Saturday, January 17, 2009

The measure of justice

I read three stories today that had me scratching my head about our justice system.

The first story is a current supreme court case involving a (then) thirteen year old girl who was stripped searched by school officials after a schoolmate implicated her in the distribution of prescription-strength ibuprofen. IBUPROFEN!!! The girl was an honor student who had never had any issue with the administration before the incident. An initial search of her backpack revealed nothing of a suspicious nature. So, she was taken to a room by the school nurse and another female staff member and forced to stripped down to her underwear. They also searched her bra. Again, they were looking for signs of 400mg tablets of IBUPROFEN. At issue is, how far is a school allowed to go in violating one students rights in the defense of the overall safety of the school population?

Do I think that school administrators have the right to strip search a student base solely on the claims of one other student?

In most cases: NO WAY!

As an individual responsible for the safety and rights of all students (including the accused), you need to consider the safety and rights of all parties and weigh the risks and rights.

If one student accused another student of carrying a gun, a body search would be a measured response. The potential risk to the school community is high enough to warrant a potential violation of rights of one student.

If one student accused another student of possessing drugs, say it was even cocaine, a search of the student's backpack/locker may be reasonable. A body search would only be reasonable, in my mind, if there were multiple accusers. And then, I might wait for the police. They are trained in appropriate and legal response to such situations. The student could be held in the school office until the police arrived.

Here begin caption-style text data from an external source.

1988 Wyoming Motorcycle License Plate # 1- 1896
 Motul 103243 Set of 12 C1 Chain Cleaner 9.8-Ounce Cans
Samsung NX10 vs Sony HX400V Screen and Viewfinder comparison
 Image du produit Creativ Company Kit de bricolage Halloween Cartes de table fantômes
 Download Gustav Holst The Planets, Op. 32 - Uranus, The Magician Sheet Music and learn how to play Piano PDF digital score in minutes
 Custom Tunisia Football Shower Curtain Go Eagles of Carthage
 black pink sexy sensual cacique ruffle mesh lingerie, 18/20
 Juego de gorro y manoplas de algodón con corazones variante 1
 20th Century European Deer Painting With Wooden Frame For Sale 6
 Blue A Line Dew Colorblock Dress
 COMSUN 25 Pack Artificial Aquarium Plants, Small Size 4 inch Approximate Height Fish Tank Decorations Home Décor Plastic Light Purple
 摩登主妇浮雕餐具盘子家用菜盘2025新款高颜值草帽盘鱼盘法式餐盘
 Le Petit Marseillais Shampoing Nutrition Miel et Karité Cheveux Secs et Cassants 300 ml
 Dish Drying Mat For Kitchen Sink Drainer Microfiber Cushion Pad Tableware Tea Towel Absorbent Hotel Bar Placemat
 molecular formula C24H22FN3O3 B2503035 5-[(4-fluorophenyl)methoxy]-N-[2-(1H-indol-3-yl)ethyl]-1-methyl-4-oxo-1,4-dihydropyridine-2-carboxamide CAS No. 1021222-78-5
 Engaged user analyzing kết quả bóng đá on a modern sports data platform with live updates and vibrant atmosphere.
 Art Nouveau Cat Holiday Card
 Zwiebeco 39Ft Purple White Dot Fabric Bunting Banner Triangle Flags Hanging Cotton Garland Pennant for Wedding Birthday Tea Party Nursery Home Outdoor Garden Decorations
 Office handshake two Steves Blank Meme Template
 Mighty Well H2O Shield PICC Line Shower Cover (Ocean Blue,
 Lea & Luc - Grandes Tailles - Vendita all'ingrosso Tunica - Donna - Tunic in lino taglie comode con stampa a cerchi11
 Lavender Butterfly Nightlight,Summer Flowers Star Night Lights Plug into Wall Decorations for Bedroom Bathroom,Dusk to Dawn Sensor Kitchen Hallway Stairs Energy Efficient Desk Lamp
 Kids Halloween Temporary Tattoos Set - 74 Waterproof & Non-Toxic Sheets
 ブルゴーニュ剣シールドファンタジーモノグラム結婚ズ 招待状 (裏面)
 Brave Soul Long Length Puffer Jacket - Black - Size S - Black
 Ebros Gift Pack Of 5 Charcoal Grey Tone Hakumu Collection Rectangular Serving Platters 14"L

No weapons equals no hurry.

The second story involves the
vandalism of the Washington State Capitol. The offender is an anarchist and well known mixed martial artist, Jeff "The Snowman" Monson. Monson defaced the Capitol with spray painted graffiti. It cost $19,000 to clean up the defacement.

Here's where the questionable justice comes in for me: "If convicted, Monson could face a maximum of 10 years in prison."

Huh? Vandalism of public property can be punishable by 10 years in prison? That seems more than a bit disproportionate to me.

Maybe the law is written in such a way as to encompass every level of vandalism, from breaking a window to covering an entire legislative chamber in cow crap? But, we are talking about vandalism here, right? Not the actual full out destruction of a building. Not the physical harm or endangerment of human beings, right?

The final story is actually one we discussed at the office yesterday. Here is another example of RIAA going overboard on it's response to the illegal exchange of copyrighted music. In SONY BMG Music v. Tenenbaum. The link is to the Boston Globe story regarding the judge's decision to allow streaming video to the Internet for some of the proceedings. The summary of the case from that story is:
Tenenbaum is accused of downloading at least seven songs and making 816 music files available for distribution on the Kazaa file-sharing network in 2004. He offered to settle the case for $500, but music companies rejected that, ultimately demanding $12,000. He could be forced to pay $1 million if it is determined that his alleged actions were willful.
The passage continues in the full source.